I did a Mount Hamilton loop this morning (up Calaveras Rd, through Livermore to Mines Rd, and back across Alum Rock), and was getting hung up on the really tight mountain switch backs up and down Mount Hamilton. Either I'd come in too hot and brake through the turn; or I'd come putting in like a Vespa and get caught off-guard by the steep uphill after the switchback. I'm pretty religious about staying in my lane (don't want to become someone's hood ornament), so there's not a ton of room to outside-inside-outside. Should I just lean into the turn harder? Move my butt over to the opposite side of the seat and counter-weight the turn? Better throttle control? What's the scoop?

I'm all ears,
Eric

PS - When I run for mayor, one of my platform positions will be repaving that whole section of roadway and paying some kids to sweep up that sneaky gravel. I had a sketchy moment when the front end broke loose from hitting some gravel that I couldn't see till the last second on a blind right hander. Good thing it hooked back up, or I'd have brand new wrecked bike and have seen the inside of an ambulance for the first time in a non-professional capacity. Yikes.
 
I'm getting closer and closer to making a rig on my friends truck to sweep the road way clean.

Love 130

that is just a sketchy road. gravel all through out the year, went up there just recently 2 weeks ago and found the least amount of gravel I have ever seen up there............

Its technical on the SJ side and thorough knowledge on the LM side is definitely beneficial.
 
Summertime (now) is the cleanest, dryest, smoothest that this road is gonna get. Learn to love it's charm and learn that gravel lurks in every turn. It's a fun road!

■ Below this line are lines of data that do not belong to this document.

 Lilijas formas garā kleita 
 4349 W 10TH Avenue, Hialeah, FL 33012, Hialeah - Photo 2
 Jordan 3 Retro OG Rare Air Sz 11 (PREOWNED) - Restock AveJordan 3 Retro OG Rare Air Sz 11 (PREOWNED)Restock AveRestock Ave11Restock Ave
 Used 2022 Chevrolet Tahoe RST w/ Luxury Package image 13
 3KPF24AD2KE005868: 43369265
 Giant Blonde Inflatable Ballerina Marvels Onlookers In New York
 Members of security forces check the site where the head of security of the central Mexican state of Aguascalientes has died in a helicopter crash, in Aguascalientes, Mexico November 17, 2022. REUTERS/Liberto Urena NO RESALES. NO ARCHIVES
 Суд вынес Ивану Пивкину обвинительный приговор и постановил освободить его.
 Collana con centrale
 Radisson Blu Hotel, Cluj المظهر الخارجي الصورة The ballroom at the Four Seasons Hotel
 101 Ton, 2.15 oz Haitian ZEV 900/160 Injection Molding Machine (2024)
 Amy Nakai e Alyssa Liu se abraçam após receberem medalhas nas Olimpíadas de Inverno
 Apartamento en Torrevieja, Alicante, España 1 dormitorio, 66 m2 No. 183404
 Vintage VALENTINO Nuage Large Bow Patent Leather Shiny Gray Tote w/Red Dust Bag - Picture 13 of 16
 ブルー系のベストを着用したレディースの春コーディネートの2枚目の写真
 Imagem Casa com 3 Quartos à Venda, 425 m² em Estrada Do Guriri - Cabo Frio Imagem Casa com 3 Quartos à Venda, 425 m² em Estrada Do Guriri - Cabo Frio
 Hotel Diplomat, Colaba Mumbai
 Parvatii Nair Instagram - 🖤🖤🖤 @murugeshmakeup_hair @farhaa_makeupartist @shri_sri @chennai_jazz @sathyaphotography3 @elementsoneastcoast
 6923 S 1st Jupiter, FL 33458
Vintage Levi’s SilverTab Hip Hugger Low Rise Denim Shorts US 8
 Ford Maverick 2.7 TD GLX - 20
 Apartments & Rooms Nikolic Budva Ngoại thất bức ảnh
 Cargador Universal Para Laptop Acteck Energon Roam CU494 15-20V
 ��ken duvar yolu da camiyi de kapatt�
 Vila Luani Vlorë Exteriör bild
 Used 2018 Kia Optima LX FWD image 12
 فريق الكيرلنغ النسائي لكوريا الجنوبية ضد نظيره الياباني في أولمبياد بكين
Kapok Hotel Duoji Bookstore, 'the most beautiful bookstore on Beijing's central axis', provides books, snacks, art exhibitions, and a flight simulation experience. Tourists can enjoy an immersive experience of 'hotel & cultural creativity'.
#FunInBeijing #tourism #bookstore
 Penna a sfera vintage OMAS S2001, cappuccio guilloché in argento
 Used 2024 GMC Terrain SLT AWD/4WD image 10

Anyways, here's what I would look at if I was facing these issues:

"Either I'd come in too hot and brake through the turn; or I'd come putting in like a Vespa and get caught off-guard by the steep uphill after the switchback."
--The "putting vespa" effect sounds like you might be in too high of a gear and maybe coasting as you approach the turn. Perhaps riding one gear lower as you approach the turn would give you the torque needed for the uphill section. Does that sound like it might help? Since there are so many blind turns with deadly drop-offs, I wouldn't want to come into any of those turns "too hot" --I'd rather come in too slow than too fast.

"outside-inside-outside"
You say there's not much room for that, but you also make it sound like you go into the oncomming lane as you do it (maybe I misunderstood). Anyway, I do try to enter the turn from the outer edge of the lane (within reason for the circumstances) and then put the bike closest to the inner part of the turn somewhere near the apex, and exit the turn near the outer edge of the lane. I agree the lanes are narrow, but I don't know a better way to execute a turn than that method. Making one quick steering input to make the bike turn can help (see Keith Code books for more on this). Oh, and don't go into the oncoming lane in a turn (ever!) thx :)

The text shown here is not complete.